As we embark on this new chapter in application security, it’s important to understand how AI and machine learning can provide greater understanding and insight into vulnerabilities than older methods of detection. In this article we will cover the following:
- The risk of using vulnerable dependencies (directly or transitively)
- Not all vulnerabilities pose risk. Why not?
- The drawbacks of shallow analysis by security vendors leading to many false positives
- Motivating by example (CVE-2021-29425)
- How Code Graph aided by Machine Learning can pinpoint upstream projects with call-paths leading to vulnerable methods in downstream libraries
The past two decades have witnessed a surge of software reuse. An increasing number of open-source dependencies (OSS) have been released under open-source licenses, and the development of such libraries heavily depend on the infrastructures or functional components of each other. The numerous diverse libraries and their complex dependency relations naturally form large-scale social-technical ecosystems (Maven for Java, npm for JavaScript, etc…). As an example, the Java ecosystem, managed mainly by Maven, has indexed over 9.51 million third-party libraries, which have been facilitating the development of Java projects significantly for a long period
Unfortunately, OSS also suffer from various vulnerability issues, and the number of disclosed vulnerabilities has been increasing steadily since late 2000s. Such vulnerabilities can pose significant security threats to the whole ecosystem, not only to the vulnerable libraries themselves, but also to the corresponding downstream projects (i.e., if we regard a library/application as an upstream, those libraries/application depend on this upstream are denoted as the corresponding downstream). It has been estimated that around 74.95% of the OSS that contain vulnerabilities are widely utilized by other libraries. For instance, the recently spotted vulnerabilities in Apache Log4j2, have affected over 35,000 downstream Java packages, amounting to over 8% of the Maven ecosystem. The growing trend of the vulnerabilities discovered in open-source libraries results in the inclusion of “vulnerable and outdated components” in the OWASP Top 10 Web Application Security Risks, which is still ranked at sixth currently.
The basic intuition behind most of the vendors and open source tools is to perform Software Composition Analysis (SCA) by analyzing the Software Bill of Materials (SBOM) — dependency configuration file or the information gathered during compilation, and then search for vulnerable components referring to existing vulnerability databases (e.g., National Vulnerability Database (NVD)). Warnings will be reported to developers once known vulnerable dependencies are detected, and developers are suggested to take mitigation actions such as upgrading the dependency to non-vulnerable versions.

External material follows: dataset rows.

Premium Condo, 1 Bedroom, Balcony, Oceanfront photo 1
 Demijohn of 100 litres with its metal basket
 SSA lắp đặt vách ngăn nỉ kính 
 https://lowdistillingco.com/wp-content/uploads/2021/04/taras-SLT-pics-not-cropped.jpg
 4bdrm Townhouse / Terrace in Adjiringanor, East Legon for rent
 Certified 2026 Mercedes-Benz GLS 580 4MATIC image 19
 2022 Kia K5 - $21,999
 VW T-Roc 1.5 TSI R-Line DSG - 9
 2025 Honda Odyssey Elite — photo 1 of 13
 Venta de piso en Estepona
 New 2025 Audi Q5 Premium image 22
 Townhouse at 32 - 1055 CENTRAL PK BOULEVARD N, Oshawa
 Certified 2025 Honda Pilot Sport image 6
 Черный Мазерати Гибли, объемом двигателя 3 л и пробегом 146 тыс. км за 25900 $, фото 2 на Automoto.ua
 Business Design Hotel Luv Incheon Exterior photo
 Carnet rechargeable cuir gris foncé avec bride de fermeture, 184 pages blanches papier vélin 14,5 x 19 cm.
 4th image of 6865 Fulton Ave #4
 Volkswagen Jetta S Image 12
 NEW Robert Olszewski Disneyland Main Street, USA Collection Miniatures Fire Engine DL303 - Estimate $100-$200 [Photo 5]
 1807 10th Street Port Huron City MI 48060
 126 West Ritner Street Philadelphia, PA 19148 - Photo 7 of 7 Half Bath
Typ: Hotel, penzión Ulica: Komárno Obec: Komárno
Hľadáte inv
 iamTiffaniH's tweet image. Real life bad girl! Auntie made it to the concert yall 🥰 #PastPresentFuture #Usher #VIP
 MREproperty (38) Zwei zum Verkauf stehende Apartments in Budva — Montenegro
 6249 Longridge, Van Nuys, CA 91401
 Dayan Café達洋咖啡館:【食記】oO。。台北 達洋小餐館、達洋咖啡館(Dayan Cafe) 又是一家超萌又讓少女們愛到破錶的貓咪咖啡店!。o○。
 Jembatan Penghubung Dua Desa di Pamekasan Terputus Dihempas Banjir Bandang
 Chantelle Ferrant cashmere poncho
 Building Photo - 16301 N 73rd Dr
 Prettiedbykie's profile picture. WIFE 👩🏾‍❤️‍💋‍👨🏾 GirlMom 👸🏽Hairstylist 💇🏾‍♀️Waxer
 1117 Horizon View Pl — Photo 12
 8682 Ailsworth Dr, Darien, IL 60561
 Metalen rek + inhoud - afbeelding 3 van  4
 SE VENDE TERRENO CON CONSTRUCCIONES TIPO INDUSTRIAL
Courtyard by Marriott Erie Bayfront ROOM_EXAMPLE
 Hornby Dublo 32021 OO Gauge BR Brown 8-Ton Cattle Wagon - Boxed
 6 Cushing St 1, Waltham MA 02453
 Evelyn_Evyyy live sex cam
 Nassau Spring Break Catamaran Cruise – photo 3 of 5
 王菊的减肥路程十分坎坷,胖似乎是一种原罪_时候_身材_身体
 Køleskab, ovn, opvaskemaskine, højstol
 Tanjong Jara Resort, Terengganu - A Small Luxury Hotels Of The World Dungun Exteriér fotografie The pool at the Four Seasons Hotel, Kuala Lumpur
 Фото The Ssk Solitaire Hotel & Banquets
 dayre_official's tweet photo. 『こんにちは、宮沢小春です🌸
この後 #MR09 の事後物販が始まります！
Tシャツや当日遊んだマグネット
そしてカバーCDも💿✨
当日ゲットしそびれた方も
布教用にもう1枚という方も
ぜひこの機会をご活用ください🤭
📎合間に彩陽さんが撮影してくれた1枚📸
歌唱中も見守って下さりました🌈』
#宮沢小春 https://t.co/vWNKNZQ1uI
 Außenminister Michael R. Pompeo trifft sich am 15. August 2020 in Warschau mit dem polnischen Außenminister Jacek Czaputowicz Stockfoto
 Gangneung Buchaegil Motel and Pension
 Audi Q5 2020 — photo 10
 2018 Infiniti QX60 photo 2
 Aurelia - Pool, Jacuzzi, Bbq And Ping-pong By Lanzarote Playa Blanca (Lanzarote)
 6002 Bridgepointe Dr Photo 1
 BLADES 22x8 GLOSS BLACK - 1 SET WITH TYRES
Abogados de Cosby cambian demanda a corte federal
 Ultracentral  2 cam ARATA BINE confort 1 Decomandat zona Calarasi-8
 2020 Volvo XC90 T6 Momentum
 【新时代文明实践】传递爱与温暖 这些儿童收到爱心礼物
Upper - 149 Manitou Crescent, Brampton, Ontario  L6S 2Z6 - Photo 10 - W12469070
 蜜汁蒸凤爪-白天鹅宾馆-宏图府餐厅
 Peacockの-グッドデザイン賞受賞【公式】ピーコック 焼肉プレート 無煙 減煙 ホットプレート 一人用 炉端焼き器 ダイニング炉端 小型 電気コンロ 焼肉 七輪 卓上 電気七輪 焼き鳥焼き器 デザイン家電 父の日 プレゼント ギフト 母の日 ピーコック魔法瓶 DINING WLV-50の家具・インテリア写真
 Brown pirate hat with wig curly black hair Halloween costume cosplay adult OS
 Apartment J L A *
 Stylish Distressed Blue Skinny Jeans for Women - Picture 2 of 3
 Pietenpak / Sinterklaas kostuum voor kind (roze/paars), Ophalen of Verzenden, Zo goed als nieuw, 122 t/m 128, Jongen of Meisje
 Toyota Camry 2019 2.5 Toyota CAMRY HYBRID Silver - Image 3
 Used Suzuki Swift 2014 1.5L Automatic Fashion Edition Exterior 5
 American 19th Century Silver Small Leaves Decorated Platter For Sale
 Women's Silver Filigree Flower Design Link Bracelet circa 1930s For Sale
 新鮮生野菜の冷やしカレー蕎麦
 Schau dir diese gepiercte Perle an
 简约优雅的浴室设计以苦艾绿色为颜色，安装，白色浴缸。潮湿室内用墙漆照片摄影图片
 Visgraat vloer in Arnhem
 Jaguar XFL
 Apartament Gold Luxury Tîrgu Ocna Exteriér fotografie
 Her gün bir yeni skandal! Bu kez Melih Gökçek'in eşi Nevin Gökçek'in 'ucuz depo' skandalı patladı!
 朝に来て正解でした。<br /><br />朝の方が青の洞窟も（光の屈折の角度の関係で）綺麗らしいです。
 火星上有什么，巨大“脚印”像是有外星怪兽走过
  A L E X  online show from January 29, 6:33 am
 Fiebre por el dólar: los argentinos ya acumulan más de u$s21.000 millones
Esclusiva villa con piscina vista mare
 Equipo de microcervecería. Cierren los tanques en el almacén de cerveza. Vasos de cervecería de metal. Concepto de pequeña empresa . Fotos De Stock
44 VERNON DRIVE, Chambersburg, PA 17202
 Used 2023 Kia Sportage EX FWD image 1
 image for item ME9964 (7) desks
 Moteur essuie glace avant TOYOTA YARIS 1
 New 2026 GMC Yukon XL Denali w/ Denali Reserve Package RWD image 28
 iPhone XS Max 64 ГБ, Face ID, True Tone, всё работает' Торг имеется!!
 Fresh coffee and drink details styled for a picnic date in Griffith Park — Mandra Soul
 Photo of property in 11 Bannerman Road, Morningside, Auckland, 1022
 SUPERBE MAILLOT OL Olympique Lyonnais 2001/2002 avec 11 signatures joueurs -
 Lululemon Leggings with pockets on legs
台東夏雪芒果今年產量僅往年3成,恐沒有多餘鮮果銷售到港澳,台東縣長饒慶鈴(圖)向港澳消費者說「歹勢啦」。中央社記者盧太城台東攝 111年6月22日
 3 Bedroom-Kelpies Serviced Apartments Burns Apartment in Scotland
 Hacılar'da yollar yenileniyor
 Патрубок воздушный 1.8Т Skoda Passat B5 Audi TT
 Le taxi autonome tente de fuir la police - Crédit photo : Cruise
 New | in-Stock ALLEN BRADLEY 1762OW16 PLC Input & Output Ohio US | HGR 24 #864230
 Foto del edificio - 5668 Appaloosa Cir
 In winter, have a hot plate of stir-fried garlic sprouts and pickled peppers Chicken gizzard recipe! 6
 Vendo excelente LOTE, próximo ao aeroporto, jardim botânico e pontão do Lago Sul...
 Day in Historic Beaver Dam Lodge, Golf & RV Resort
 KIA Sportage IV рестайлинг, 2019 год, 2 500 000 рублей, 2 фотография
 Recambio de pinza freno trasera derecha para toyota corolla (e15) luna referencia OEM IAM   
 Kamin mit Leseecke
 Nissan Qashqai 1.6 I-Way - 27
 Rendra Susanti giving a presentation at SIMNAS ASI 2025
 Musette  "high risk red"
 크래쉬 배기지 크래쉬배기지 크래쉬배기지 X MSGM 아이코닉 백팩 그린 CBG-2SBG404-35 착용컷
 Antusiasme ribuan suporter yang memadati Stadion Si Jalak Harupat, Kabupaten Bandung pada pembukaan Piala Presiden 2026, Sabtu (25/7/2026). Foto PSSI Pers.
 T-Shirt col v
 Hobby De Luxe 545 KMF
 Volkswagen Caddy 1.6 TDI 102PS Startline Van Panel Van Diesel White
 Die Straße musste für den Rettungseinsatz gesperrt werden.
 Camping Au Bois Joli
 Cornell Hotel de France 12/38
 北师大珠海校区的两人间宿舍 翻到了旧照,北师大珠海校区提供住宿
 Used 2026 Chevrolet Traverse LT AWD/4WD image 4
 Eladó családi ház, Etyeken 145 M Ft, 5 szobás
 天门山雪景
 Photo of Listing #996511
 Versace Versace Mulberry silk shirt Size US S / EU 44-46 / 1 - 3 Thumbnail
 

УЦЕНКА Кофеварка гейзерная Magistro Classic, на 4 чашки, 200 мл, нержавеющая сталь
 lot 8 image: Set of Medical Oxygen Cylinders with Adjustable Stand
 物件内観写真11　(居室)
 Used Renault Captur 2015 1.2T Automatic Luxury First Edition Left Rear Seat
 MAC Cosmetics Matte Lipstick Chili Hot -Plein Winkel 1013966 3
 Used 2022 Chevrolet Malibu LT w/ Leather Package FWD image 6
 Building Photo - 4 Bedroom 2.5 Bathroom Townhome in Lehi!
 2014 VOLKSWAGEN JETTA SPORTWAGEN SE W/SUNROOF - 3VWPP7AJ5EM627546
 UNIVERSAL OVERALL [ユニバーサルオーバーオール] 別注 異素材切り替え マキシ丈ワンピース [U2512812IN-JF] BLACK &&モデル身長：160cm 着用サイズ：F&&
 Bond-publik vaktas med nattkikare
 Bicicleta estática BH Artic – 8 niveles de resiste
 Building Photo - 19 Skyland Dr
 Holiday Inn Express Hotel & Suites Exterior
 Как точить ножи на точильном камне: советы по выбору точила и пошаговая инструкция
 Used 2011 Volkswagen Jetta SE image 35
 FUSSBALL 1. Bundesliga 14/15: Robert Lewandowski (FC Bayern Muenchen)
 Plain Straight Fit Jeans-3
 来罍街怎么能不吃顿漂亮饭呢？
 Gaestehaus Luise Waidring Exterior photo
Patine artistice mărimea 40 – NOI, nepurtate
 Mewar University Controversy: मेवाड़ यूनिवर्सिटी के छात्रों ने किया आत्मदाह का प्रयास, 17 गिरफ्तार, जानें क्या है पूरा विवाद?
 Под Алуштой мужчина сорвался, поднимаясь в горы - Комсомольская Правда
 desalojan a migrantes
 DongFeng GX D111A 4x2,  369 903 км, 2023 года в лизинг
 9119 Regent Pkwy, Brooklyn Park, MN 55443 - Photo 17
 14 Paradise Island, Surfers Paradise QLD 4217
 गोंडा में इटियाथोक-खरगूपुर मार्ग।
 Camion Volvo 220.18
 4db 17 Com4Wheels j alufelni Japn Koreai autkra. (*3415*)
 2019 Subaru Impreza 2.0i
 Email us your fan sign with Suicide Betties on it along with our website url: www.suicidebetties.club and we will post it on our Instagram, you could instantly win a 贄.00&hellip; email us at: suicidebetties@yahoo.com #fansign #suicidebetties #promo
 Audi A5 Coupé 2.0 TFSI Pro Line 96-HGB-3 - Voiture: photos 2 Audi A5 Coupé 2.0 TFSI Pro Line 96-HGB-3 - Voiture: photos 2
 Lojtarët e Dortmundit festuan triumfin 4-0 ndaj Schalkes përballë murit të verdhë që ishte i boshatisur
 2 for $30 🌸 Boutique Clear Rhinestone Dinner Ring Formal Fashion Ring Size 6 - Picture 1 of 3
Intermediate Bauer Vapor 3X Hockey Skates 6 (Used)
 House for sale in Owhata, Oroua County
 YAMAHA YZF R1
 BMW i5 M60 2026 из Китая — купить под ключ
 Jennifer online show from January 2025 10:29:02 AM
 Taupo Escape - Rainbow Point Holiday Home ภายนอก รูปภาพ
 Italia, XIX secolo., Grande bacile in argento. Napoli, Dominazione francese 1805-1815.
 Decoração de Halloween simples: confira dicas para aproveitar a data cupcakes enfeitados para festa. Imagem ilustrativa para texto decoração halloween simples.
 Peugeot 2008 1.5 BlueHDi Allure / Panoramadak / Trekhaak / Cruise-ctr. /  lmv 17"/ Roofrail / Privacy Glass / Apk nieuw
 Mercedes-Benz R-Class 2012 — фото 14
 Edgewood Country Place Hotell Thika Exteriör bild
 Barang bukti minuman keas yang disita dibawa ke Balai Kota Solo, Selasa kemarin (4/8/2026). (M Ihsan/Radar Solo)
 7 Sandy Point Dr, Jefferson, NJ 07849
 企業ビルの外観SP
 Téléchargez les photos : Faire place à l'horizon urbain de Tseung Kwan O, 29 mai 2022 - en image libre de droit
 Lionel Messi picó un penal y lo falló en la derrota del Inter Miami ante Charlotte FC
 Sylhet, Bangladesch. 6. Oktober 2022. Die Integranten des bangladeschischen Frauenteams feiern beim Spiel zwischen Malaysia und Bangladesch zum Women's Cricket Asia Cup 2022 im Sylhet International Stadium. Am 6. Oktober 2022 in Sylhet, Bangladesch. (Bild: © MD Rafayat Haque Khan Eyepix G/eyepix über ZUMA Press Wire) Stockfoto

Listed below is an example of a expression based pattern matching policy created by a vendor https://gitlab.com/gitlab-org/security-products/analyzers/semgrep/-/blob/main/rules/find_sec_bugs.yml#L969-978
Such tools often generate a high number of false alerts since they mainly work at a coarse granularity without analyzing whether the upstream vulnerabilities will actually affect the corresponding downstream projects. Such a high rate of false positives will annoy developers, and our data also confirms that some developers are bothered by such imprecise warnings and take unnecessary actions simply to get rid of such warnings. Even worse, such warnings will lead to unwanted upgrade of dependencies, which might further introduce other dependency conflicts or incompatibility issues. Therefore, tools that are able to assess the security threats of upstream vulnerabilities to downstream projects more precisely are much desired.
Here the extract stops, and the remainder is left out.